In my design quest I've gone from a very basic design like a 5 board tool box and a handle to a studely type tool box. I 've made up my mind that I don't want to go that simple as the 5 board box or nor do I want to go as complicated as anything near a studley tool box. So this leaves me some where in the middle.
I like elements of several boxes (shown below )but there are to many options for one box and I don't do" sketch up" ,so I thought I would through it out to all of our great members and see what you guys come up with.
Since I'm mostly carrying measuring tools ,chisels,a carvers mallet etc(no power or battery operated tools) it doesn't need to be super big maybe 20" long by no more than 12" wide and 6"-16" tall depending on the design. I look forward to your suggests.

Thanks for your help


----------



## LeChuck

Well, at least throw out the sewing box, unless you want to wear a cute little dress too


----------



## a1Jim

Remember I said I liked elements of the above boxes. We already have a member that did the dress bit.I'm sure he has nicer legs than me LOL


----------



## Kentuk55

I like the briefcase looking toolbox. Bitness man, takin care o bitness


----------



## kdc68

Since I'm mostly carrying measuring tools ,chisels,a carvers mallet etc(no power or battery operated tools) it doesn't need to be super big maybe 20" long by no more than 12" wide and 6"-16" tall depending on the design

*a1Jim* - Reading what your needs are, looks like the suitcase design would work….

"Bitness man, takin care o bitness"....lol


----------



## LeChuck

The suitcase sure has a lot of wow factor.


----------



## Boxguy

Jim, try a couple of these. They can be modified with smaller sliding containers inside.


----------



## grizzman

well the last time i looked, my legs were looking pretty buff….but i would not know about any kind of dress, what kind of nut would do that…...but i really favor the brief case one, your starting to get some age on ya there Jim…lol…you need something like the brief case…it really is cool…and i think you could design it to hold everything you need….


----------



## TCCcabinetmaker

boxguy, really cool toolbox, the down side is basically everything is always mixed together and smaller items are harder to find under chisels, saws and what not, also dangerous to dig if you keep things sharpish.


----------



## a1Jim

I like the brief case one too ,I also like the one I just added.
Those are nice Boxguy but like TCC, I would be concerned about my nicer tool banging togehter.
Grizz I don't think I mentioned any one's name with the dress deal ..but I could LOL .asfar as starting to get some age on me ,been there already done that.)


----------



## JGM0658

I like the first one, with some modifications it could be a perfect tool box. In fact I am going to steal the pic so that I can make one for me..


----------



## grizzman

jim i think you need to just let your alzhimers keep going and keep on forgetting that name….i do know where you live…lol….and i dont think you want a flea box to be put near your shop…lol….


----------



## a1Jim

Kind of interesting isn't it Jorge .It was designed by a guy named Wowhaus here's a link to go with the photo.

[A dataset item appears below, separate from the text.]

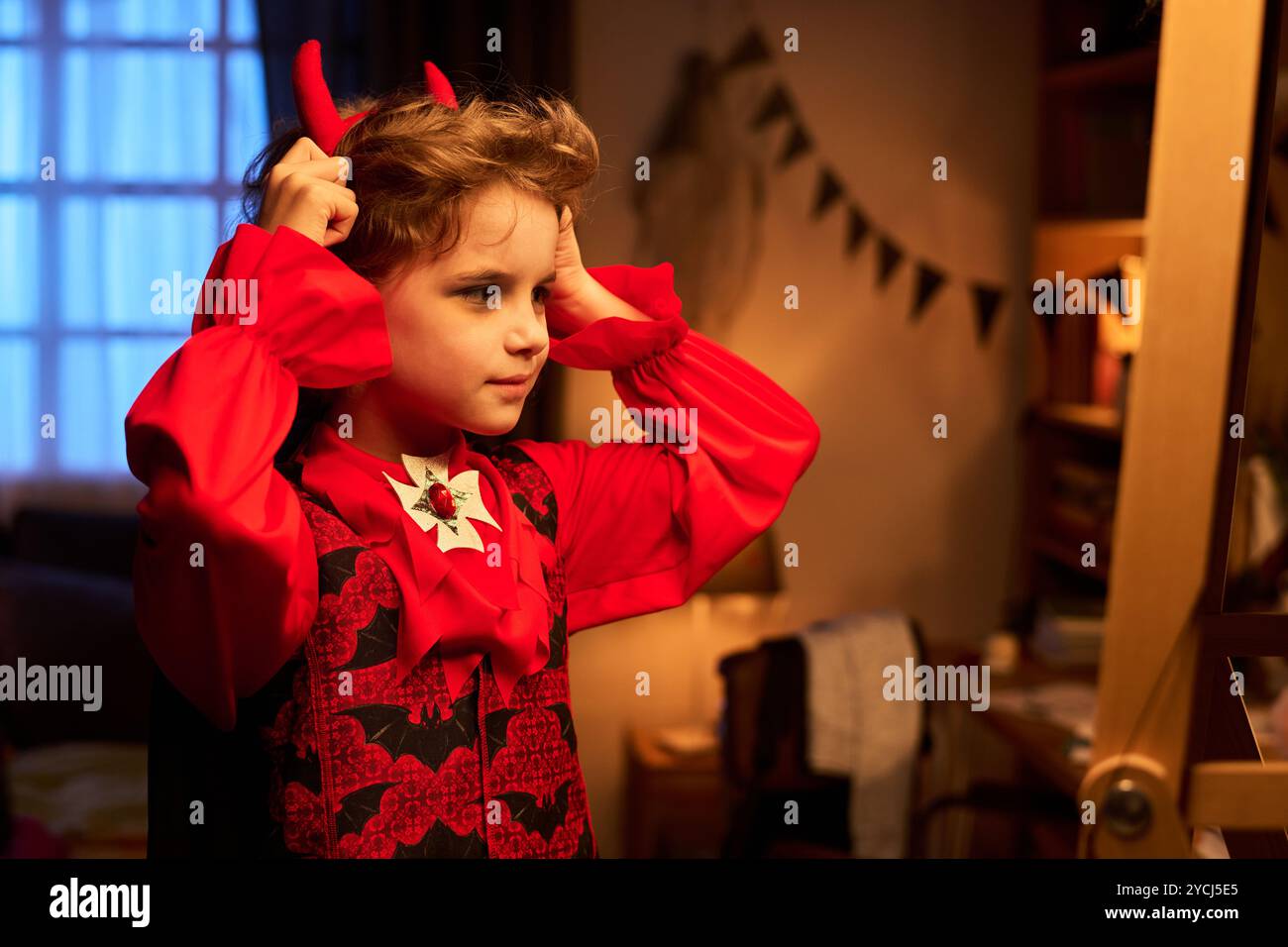 Niedlicher kleiner Junge im Teufelskostüm, der am Halloween-Abend vor dem Spiegel steht und ein Stirnband mit roten Hörnern anzieht Stockfoto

http://news.leopon.co.kr/meta/64368


----------



## JGM0658

BTW I agree with TCC, as I made one like this many years ago, back when I had no experience and thought this was a good box. It is not made to carry tools that rely on sharp edges to work.


----------



## a1Jim

No No No Grizz I won't tell,please anything but fleas LOL

I saw that design in my search Jorge but had the same concern even though it was a very cool design.


----------



## clieb91

Jim, sounds like a great project. I kind of like the brown 2 drawer 3rd from the last pic. In fact that may be something that I will look into building for using at craft shows. I need something to carry my pen gear and designed right it just may do the trick.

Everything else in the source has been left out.